THE PROBLEM: Looking at the listing below, retype exactly the lines starting at the one containing "山梨県高等学校総合体育大会2日目の様子です" and ending at the one containing "MOACONCEPT baskets en", both included, and nothing else.
##### EXERCISE DATA #####
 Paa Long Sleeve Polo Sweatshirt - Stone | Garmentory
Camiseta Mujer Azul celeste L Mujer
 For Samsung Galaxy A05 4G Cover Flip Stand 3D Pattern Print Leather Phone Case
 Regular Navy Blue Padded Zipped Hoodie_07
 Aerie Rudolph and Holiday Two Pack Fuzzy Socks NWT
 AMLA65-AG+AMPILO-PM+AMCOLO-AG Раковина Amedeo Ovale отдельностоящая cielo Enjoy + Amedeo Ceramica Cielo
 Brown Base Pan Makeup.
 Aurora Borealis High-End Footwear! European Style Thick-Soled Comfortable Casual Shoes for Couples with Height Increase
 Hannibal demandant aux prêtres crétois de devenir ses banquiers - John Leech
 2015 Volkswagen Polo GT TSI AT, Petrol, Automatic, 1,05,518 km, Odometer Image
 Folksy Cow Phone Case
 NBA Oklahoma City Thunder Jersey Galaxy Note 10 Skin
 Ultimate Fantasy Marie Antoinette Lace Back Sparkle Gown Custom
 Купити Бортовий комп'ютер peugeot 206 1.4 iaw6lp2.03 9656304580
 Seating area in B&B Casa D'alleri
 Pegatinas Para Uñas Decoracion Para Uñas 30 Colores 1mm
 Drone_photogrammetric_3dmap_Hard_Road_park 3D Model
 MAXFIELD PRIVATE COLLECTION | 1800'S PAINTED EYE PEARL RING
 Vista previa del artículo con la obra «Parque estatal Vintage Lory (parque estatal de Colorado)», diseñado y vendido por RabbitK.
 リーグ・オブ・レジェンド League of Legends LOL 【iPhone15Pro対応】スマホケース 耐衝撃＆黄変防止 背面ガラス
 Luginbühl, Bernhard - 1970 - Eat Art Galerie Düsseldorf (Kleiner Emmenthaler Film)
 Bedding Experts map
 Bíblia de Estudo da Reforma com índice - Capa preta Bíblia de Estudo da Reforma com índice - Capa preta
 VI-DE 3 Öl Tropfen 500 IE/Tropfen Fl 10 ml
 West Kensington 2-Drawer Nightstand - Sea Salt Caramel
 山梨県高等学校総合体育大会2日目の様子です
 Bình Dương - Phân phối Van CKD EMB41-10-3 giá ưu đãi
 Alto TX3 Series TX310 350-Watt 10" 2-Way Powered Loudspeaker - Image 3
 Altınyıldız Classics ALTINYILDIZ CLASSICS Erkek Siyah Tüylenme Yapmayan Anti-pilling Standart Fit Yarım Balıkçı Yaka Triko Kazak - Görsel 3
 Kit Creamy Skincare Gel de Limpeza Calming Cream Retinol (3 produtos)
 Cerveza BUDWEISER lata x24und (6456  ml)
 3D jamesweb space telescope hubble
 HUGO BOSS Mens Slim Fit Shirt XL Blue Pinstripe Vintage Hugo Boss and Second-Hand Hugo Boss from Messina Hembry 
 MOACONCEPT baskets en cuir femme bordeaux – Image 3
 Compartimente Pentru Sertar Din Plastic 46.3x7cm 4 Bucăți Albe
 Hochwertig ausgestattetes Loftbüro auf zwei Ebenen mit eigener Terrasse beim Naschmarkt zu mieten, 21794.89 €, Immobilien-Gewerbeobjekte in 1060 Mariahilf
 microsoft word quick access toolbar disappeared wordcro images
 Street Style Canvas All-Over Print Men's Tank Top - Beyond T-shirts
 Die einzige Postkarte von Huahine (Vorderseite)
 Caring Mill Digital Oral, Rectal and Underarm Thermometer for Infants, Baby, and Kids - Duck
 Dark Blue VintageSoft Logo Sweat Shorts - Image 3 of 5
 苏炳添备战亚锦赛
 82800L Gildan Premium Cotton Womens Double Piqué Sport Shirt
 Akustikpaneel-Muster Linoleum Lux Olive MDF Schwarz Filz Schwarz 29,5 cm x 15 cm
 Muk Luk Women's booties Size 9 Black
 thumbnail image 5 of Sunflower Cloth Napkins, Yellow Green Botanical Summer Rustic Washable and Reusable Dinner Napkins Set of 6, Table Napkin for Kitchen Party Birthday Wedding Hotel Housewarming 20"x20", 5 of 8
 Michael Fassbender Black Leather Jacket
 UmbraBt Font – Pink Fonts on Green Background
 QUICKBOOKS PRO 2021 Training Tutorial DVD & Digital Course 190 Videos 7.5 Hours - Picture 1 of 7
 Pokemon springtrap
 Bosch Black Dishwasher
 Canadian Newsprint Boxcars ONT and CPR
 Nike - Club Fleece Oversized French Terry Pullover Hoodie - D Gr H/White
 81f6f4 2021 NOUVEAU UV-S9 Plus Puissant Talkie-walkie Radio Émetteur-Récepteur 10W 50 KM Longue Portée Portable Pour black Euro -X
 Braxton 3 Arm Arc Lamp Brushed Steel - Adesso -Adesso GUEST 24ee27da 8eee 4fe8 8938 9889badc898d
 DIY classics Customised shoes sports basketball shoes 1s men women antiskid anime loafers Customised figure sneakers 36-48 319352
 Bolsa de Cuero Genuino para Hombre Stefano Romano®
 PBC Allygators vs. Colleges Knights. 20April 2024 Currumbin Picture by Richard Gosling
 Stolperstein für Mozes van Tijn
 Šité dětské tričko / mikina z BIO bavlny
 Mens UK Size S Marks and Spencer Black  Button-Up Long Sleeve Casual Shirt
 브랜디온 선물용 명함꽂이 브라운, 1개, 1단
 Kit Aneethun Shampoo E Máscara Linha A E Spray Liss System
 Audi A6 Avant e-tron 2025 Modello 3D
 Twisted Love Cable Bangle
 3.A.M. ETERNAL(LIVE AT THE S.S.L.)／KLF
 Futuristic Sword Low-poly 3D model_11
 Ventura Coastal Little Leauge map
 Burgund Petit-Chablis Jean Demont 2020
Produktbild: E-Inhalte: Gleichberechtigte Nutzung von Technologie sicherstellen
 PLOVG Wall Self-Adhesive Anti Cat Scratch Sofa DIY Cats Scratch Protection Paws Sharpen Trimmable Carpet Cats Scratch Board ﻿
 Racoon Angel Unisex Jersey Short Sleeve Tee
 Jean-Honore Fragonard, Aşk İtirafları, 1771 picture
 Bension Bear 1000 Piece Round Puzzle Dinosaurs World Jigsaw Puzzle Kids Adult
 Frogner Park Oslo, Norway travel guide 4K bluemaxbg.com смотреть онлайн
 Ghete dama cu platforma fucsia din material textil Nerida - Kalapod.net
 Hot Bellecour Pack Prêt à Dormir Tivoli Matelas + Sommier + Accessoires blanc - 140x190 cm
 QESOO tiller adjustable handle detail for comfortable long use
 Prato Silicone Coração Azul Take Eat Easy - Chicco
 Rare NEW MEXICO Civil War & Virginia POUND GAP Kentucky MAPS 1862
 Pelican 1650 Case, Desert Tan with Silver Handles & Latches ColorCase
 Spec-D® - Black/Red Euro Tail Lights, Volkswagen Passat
#####
TASK SOLUTION:
 山梨県高等学校総合体育大会2日目の様子です
 Bình Dương - Phân phối Van CKD EMB41-10-3 giá ưu đãi
 Alto TX3 Series TX310 350-Watt 10" 2-Way Powered Loudspeaker - Image 3
 Altınyıldız Classics ALTINYILDIZ CLASSICS Erkek Siyah Tüylenme Yapmayan Anti-pilling Standart Fit Yarım Balıkçı Yaka Triko Kazak - Görsel 3
 Kit Creamy Skincare Gel de Limpeza Calming Cream Retinol (3 produtos)
 Cerveza BUDWEISER lata x24und (6456  ml)
 3D jamesweb space telescope hubble
 HUGO BOSS Mens Slim Fit Shirt XL Blue Pinstripe Vintage Hugo Boss and Second-Hand Hugo Boss from Messina Hembry 
 MOACONCEPT baskets en cuir femme bordeaux – Image 3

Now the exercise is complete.